Advent Software is losing its leading position in portfolio management systems in large part because of its strategy of milking an old, cash cow product just as a growing number of competitors pump out web-based solutions that more readily integrate with complementary applications, make conversions and upgrades easier and often cost less, according to a report by a small investment company owned by a former hedge fund analyst.

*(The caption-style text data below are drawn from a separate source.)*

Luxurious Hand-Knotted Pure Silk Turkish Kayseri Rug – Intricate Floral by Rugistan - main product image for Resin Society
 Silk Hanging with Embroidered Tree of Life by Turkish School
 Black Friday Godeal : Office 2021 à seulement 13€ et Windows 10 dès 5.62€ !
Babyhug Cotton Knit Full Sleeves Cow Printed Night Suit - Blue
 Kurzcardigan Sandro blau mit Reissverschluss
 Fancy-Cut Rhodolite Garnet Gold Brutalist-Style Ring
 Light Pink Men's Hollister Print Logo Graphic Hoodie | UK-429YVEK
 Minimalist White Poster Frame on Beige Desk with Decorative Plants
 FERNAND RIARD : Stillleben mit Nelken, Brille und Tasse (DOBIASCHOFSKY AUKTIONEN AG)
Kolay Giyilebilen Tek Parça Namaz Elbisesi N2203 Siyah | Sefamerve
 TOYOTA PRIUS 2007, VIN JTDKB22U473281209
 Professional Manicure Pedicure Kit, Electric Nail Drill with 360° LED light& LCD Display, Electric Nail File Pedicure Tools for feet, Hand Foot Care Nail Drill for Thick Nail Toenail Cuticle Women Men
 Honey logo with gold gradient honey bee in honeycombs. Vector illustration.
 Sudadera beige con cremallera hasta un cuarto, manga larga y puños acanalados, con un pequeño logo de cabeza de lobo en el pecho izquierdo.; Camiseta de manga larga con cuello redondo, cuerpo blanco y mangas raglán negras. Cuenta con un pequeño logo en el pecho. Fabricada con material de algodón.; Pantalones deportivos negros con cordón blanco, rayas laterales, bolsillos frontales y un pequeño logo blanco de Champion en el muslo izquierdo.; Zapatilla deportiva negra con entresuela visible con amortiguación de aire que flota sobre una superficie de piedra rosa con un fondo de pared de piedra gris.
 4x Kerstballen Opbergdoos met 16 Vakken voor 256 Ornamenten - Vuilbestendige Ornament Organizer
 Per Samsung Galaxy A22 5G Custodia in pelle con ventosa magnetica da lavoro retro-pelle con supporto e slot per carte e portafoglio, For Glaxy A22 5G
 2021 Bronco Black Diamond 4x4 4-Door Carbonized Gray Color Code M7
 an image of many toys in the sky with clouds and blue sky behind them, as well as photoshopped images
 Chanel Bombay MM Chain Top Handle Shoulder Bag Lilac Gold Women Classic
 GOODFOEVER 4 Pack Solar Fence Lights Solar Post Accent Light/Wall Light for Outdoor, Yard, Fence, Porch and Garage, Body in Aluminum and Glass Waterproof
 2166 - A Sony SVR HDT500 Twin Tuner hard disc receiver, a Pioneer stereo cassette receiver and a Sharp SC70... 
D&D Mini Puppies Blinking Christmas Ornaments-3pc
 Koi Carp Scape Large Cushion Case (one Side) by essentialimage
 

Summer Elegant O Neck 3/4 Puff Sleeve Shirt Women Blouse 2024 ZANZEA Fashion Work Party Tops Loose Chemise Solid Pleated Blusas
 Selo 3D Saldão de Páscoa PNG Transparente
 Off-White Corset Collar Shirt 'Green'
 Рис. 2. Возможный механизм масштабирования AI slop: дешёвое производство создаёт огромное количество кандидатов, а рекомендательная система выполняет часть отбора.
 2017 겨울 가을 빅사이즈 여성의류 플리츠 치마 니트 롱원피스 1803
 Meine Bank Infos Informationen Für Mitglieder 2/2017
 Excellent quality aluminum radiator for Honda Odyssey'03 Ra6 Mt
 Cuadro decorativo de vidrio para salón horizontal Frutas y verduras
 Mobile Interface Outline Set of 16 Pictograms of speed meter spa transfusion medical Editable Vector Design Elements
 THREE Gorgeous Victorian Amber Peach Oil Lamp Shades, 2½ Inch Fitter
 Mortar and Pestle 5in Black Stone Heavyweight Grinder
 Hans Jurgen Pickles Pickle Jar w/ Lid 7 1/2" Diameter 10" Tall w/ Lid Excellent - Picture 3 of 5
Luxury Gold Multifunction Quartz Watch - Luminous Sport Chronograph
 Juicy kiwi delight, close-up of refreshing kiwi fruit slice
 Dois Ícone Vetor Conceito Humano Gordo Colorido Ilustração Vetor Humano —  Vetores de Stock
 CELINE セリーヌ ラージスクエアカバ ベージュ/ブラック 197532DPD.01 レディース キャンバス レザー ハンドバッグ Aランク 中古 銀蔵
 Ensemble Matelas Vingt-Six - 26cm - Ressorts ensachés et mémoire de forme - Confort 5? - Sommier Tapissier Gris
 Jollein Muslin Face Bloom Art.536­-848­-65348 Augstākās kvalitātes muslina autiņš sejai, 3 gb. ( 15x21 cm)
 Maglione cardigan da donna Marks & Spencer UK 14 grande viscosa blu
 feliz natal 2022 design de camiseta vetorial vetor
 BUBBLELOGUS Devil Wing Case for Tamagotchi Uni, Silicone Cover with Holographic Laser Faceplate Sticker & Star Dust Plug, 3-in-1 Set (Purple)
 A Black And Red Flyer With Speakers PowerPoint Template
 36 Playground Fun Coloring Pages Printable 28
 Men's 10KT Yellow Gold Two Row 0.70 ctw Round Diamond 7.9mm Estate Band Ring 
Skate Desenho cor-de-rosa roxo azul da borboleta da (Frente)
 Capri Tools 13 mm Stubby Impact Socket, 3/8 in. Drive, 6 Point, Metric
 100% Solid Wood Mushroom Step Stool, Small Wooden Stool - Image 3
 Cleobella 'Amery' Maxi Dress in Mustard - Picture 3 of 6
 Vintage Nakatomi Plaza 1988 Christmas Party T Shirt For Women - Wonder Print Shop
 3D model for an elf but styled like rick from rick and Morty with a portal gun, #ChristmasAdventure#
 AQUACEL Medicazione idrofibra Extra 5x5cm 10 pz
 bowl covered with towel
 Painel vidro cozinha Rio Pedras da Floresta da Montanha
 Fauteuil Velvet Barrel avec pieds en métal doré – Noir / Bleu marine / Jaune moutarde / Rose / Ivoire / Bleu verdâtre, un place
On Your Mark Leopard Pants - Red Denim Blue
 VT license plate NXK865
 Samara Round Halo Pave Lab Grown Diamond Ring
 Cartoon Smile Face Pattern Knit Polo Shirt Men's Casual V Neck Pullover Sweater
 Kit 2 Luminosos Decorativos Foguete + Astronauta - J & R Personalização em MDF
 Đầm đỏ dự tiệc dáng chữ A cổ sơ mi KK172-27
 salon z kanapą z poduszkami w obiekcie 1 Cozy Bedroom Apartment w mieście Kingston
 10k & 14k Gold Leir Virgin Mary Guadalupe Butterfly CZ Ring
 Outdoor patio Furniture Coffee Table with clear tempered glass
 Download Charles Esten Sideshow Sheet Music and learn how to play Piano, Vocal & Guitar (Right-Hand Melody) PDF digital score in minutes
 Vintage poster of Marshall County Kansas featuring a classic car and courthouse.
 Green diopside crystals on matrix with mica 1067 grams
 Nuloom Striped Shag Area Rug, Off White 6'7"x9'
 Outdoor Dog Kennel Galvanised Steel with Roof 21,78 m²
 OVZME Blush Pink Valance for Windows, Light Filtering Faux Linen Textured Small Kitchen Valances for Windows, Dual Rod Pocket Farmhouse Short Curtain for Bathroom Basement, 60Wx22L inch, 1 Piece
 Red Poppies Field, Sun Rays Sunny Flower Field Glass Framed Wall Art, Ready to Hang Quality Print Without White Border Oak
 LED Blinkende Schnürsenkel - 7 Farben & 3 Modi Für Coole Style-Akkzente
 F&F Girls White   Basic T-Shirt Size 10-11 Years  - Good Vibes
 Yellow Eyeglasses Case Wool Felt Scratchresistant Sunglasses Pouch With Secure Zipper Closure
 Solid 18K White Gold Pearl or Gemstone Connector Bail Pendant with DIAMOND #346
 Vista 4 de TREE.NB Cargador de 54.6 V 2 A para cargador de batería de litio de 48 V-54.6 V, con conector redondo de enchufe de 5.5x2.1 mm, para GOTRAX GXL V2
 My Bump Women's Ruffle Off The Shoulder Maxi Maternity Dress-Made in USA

The report by JHeck Investments LLC of New York says Advent is keeping thousands of its old customers on desktop software, Axys, developed more than a decade ago rather than give them incentives to migrate over to its new product, Advent Portfolio Exchange or APX. The report is garnering serious attention from industry analysts,
Advent has continued to upgrade Axys over the years and some customers still acquire it. It is built on a flat file system. Advent’s main competitors, including Orion, Black Diamond, Schwab Performance technologies and Morningstar use a structured [often SQL] server – as does Advent’s new product Advent Portfolio Exchange or APX. Advent Software is moving ahead in the RIA tech market— even if most Axys users refuse to budge
“Axys is dying off and APX is competing out there but not terribly well,” says report author Jonathan Heck. To read the report, click here
Advent Software’s CEO, Peter Hess — suggesting that the doom and gloom is misplaced — had this to say in response to the report’s allegation:
“As we announced in our third quarter earnings call and our most recent 10-Q, Advent’s business is very healthy – our key business metrics are up across the board. In the third quarter, we had record revenues, strong bookings and operating cash flow and improving renewal rates. Demand has been strong for our entire suite of software and services and we continue to add new customers around the globe.”
Indeed, Heck himself notes that Advent’s decline might be slower than expected. Advent Software’s stock is his company’s largest short-selling position. JHeck has held this short position for over a year and writes that “it has moved against us measurably” because Advent’s shares have climbed tremendously during that time. The company’s shares climbed $12.58 or 31.22% from $40.31 on Dec. 7, 2009 to $52.40 on Dec. 3.
The continued front-and-center presence of Axys in a structured server world is what got Heck’s short-selling instincts twitching — and has him continuing to hold his short position.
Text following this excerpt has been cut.